Recentemente le cinque potenze nucleari ufficiali – Stati Uniti, Russia, Cina, Francia e Regno Unito – hanno diffuso una dichiarazione congiunta in cui affermano che “non si può vincere una guerra nucleare”. Ma non si allontanano dalla perversa logica di continuare a mantenere l’armamento nucleare, giustificandosi con esigenze di “sicurezza nazionale”, e a investire pesantemente su di esso – circa 73 miliardi di dollari nel 2021.

Uno degli aspetti più rilevanti del Tpnw è la sua nascita e concretizzazione grazie all’impegno della società civile internazionale riunita nell’International Campaign to Abolish Nuclear Weapons (Ican), insignita per questi sforzi del Premio Nobel per la pace 2017. Si è trattato quindi di una grande vittoria della società civile, delle persone e dei sopravvissuti al bombardamento atomico di Hiroshima e Nagasaki, gli ‘hibakusha’, che ha aperto la strada affinché ognuno possa compiere la propria parte nel processo del disarmo nucleare.

La campagna “Italia ripensaci” chiede al governo anche di partecipare come “Stato osservatore” alla prima Conferenza degli Stati Parti del Tpnw in programma a Vienna nel marzo 2022, come hanno deciso di fare, ad esempio, Norvegia e Germania, come l’Italia membri della Nato, e, la seconda, con presenza di testate nucleari Usa sul proprio territorio come nel nostro Paese.

Intanto, Azione cattolica, Acli, Comunità Papa Giovanni XXIII, Movimento Focolari Italia e Pax Christi promuovono per il prossimo 26 febbraio una giornata di confronto fra tutte le realtà del mondo cattolico che hanno sottoscritto il documento “Per una repubblica libera dalla guerra e dalle armi nucleari”. Le associazioni ricostruiscono passaggi e motivazioni da cui è nato l’appello al Parlamento a ratificare il Trattato Onu.
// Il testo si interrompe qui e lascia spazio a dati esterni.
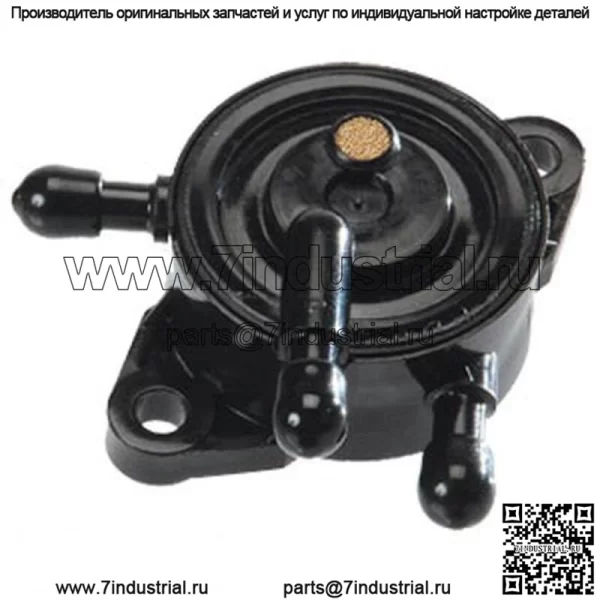ТОПЛИВНЫЙ НАСОС с ФИЛЬТРОМ подходит для John Deere L105 L107 L108 L111 L118 L120 L130 LA105 LA115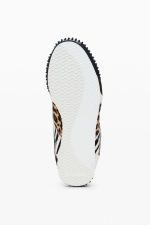 Sneaker animal print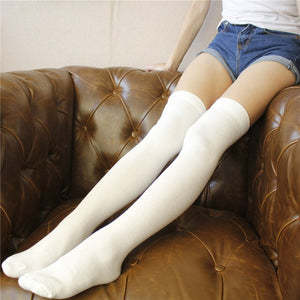 Newly Design Knee Socks - Female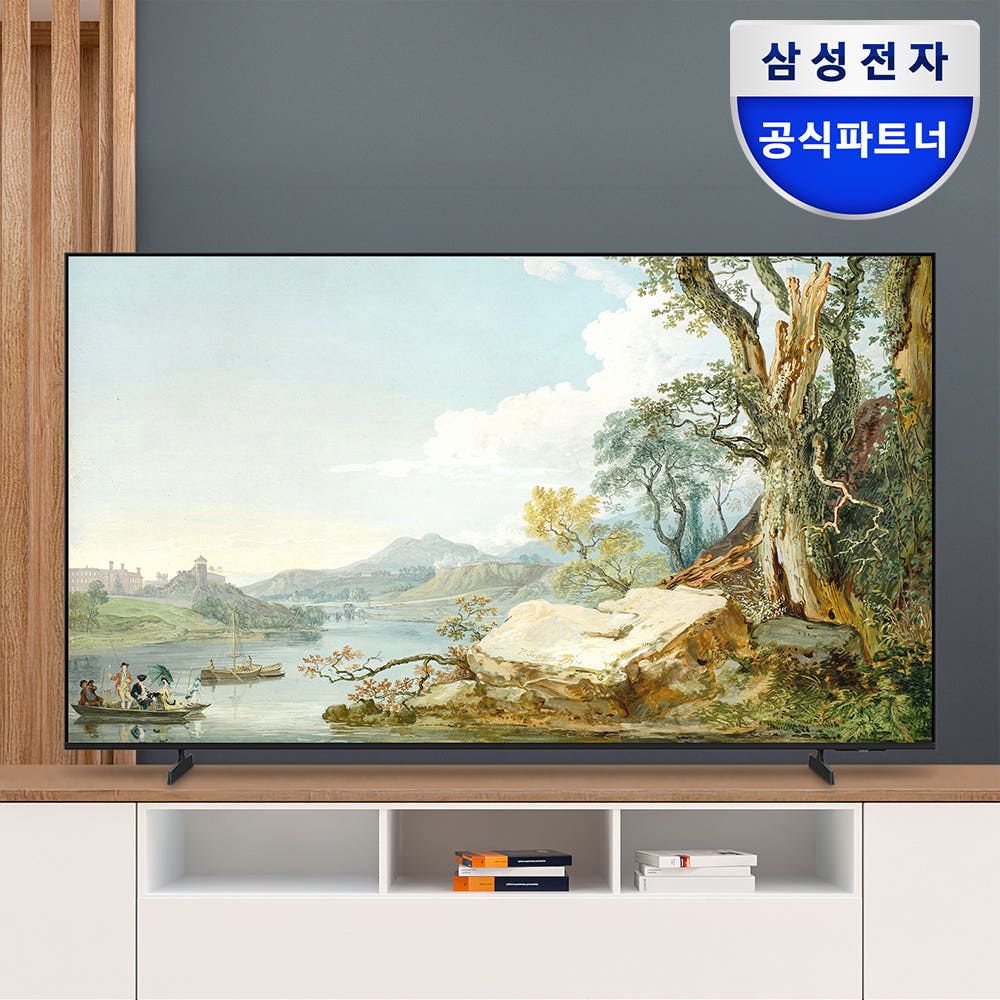 상품 이미지: [혜택가139만]삼성 UHD 4K BE85F 214.7cm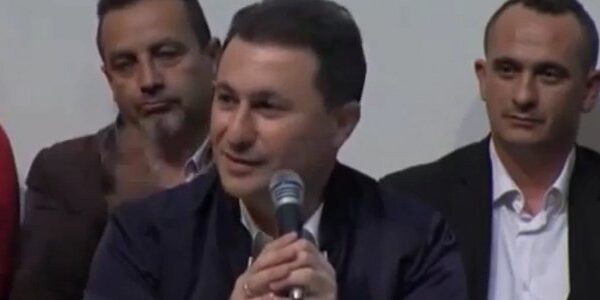 Νέα πρόκληση Γκρουέφσκι: “Πρώην Οθωμανική Αυτοκρατορία” η Ελλάδα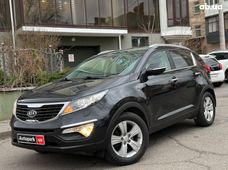 Продажа б/у Kia Sportage 2010 года в Виннице - купить на Автобазаре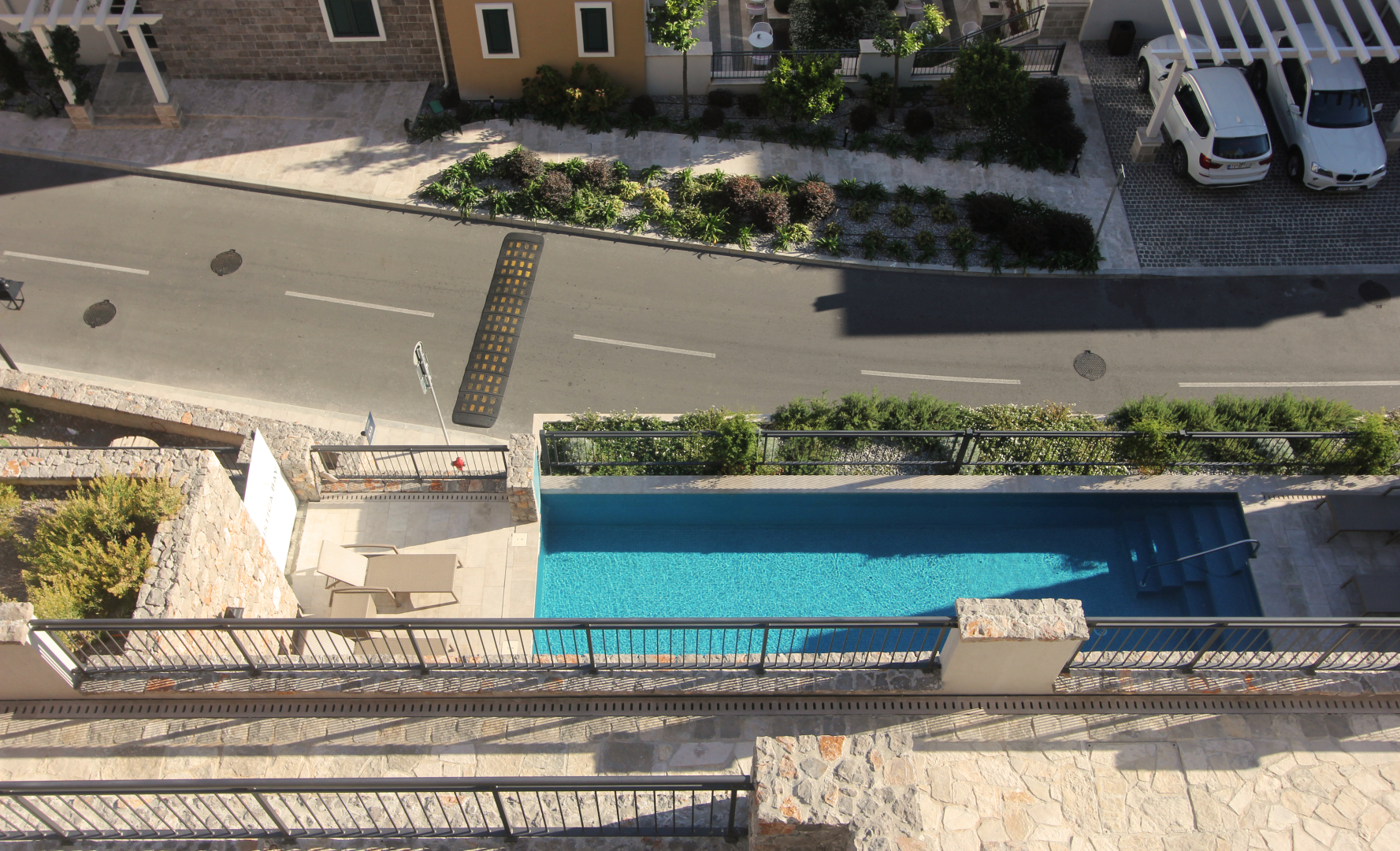 Квартира Lustica bay Magnolia apartment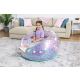 BESTWAY Dečiji lazy bag na naduvavanje 114x112x66cm Glitter Dream - 4037-1-1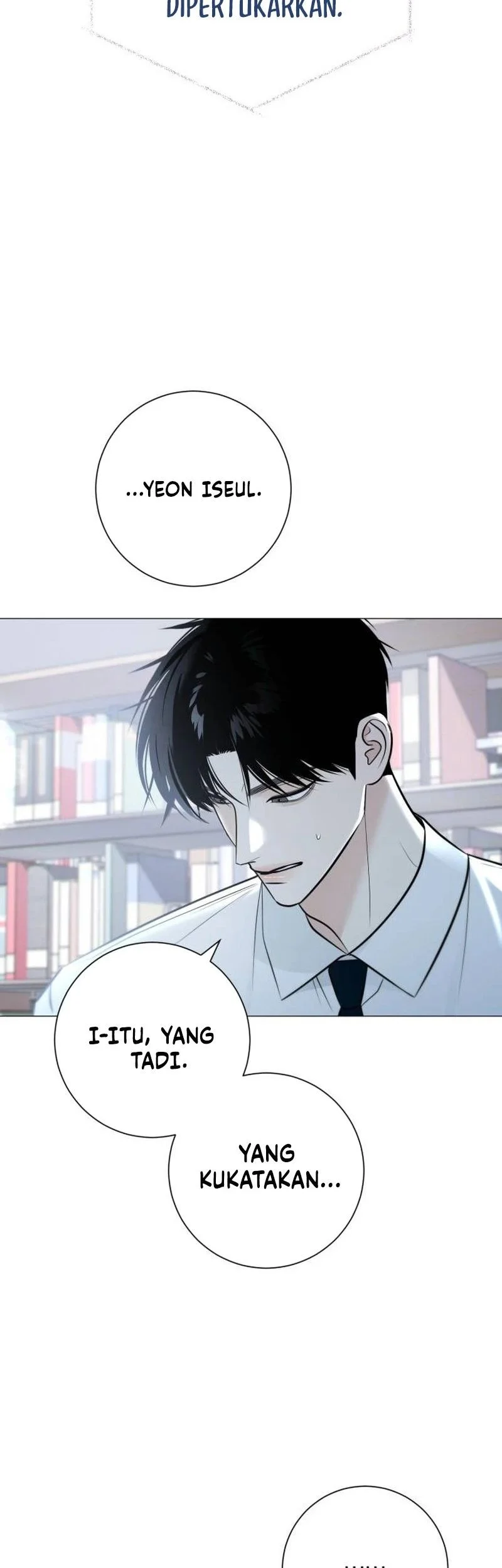 The Hashtag Is First Love Chapter 1 - halaman 105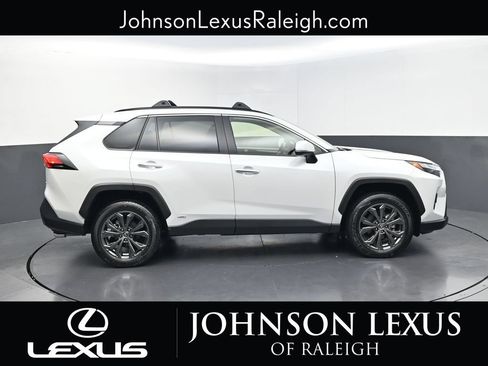Used 2025 Toyota RAV4 Limited w/ Advanced Technology Package AWD/4WD image 6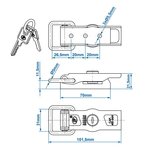 Fermeture SPP ZB-13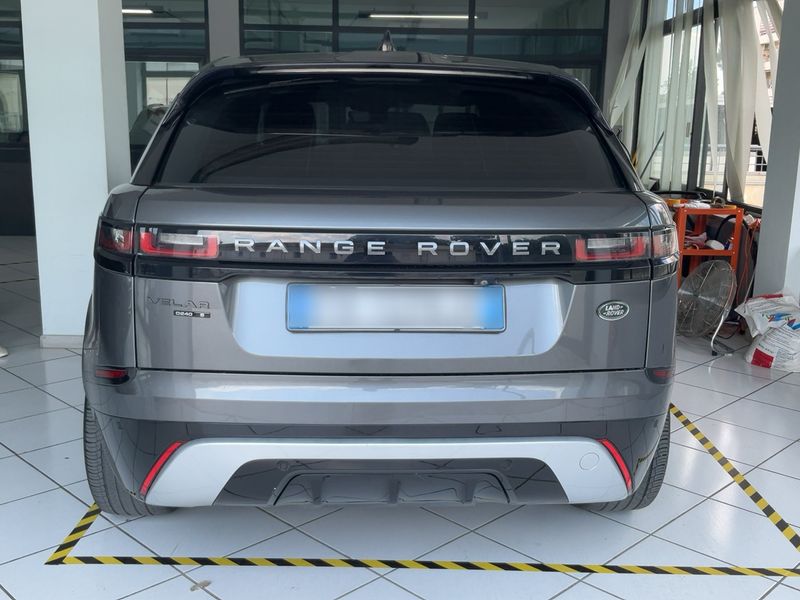 Land Rover Range Rover Velar 2.0 Diesel S R-Dynamic — zdjęcie 5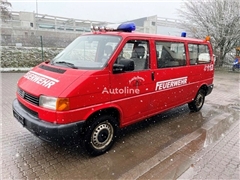 Bus pasażerski Volkswagen T 4 2,4 D Feuerwehr AHK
A partire dalle parole di don Primo Mazzolari: “Abbiamo bisogno di giustizia sociale, non di atomiche”, e di Papa Francesco: “nonostante i molteplici sforzi mirati al dialogo costruttivo tra le nazioni, si amplifica l’assordante rumore di guerre e di conflitti, mentre avanzano malattie di proporzioni pandemiche, peggiorano gli effetti del cambiamento climatico e del degrado ambientale, si aggrava il dramma della fame e della sete e continua a dominare un modello economico basato sull’individualismo più che sulla condivisione solidale”.

Nei giorni scorsi, inoltre, oltre cinquanta scienziati e premi Nobel hanno lanciato la campagna per il “Dividendo della pace”. Una “semplice proposta per l’umanità”, l’hanno definita gli studiosi, tra cui figurano, oltre agli organizzatori Carlo Rovelli e Matteo Smerlak, Carlo Rubbia, Giorgio Parisi, Roger Penrose, Steven Chu. Gli scienziati firmatari chiedono ai governi di tutti gli Stati Onu di “avviare trattative per una riduzione concordata della spesa militare del 2% ogni anno, per cinque anni”. In questo modo “enormi risorse verranno liberate e rese disponibili, il cosiddetto ‘Dividendo della pace’, pari a mille miliardi di dollari statunitensi entro il 2030”.

Si tratterebbe di una cifra molto superiore a quella totale che gli Stati destinano attualmente a tutti i programmi di cooperazione, comprese le Nazione Unite e le sue agenzie. E potrebbe contribuire a contrastare problemi comuni come pandemie, cambiamenti climatici, povertà estrema.